* **Data section**
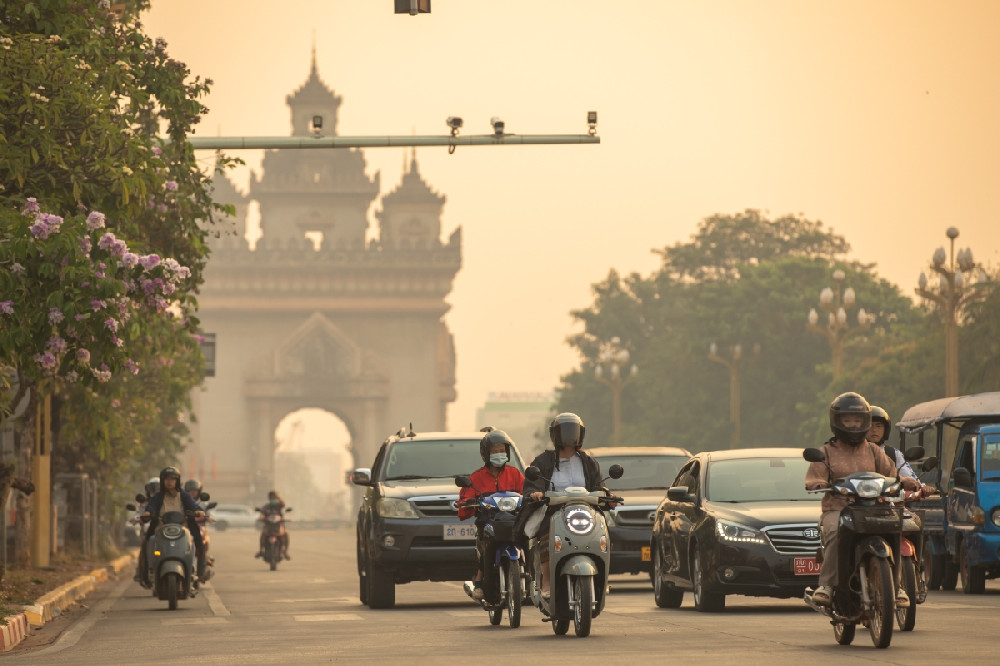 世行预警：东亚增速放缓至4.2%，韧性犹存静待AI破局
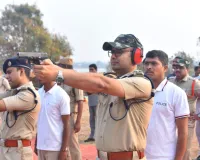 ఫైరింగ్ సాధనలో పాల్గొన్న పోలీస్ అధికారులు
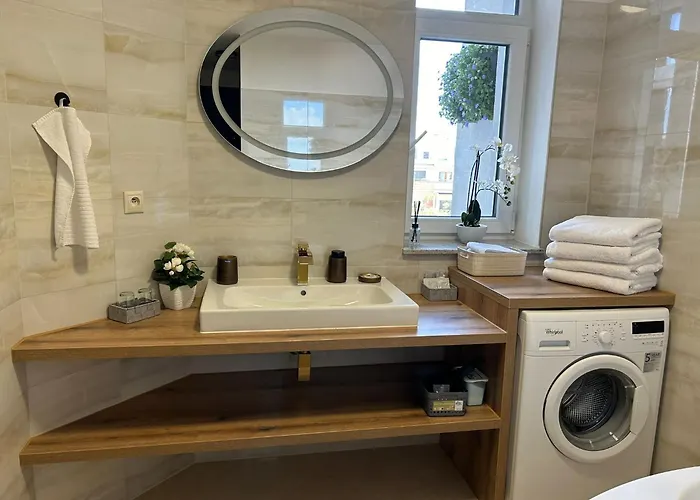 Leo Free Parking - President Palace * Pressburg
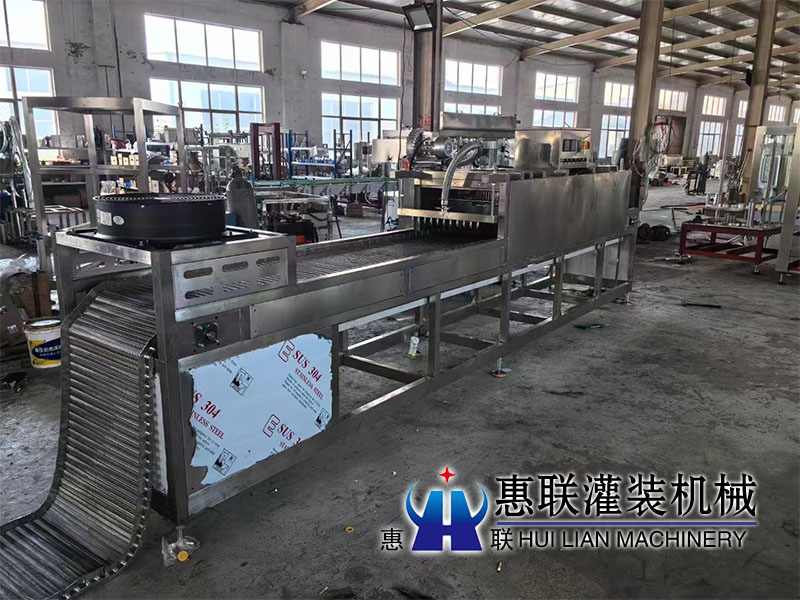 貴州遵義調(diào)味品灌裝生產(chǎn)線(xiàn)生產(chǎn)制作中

* **Activity**
Give back the whole listing exactly as it stands. Drop every picture.

* **Output**
 世行预警：东亚增速放缓至4.2%，韧性犹存静待AI破局
 ఫైరింగ్ సాధనలో పాల్గొన్న పోలీస్ అధికారులు
 Leo Free Parking - President Palace * Pressburg
 貴州遵義調(diào)味品灌裝生產(chǎn)線(xiàn)生產(chǎn)制作中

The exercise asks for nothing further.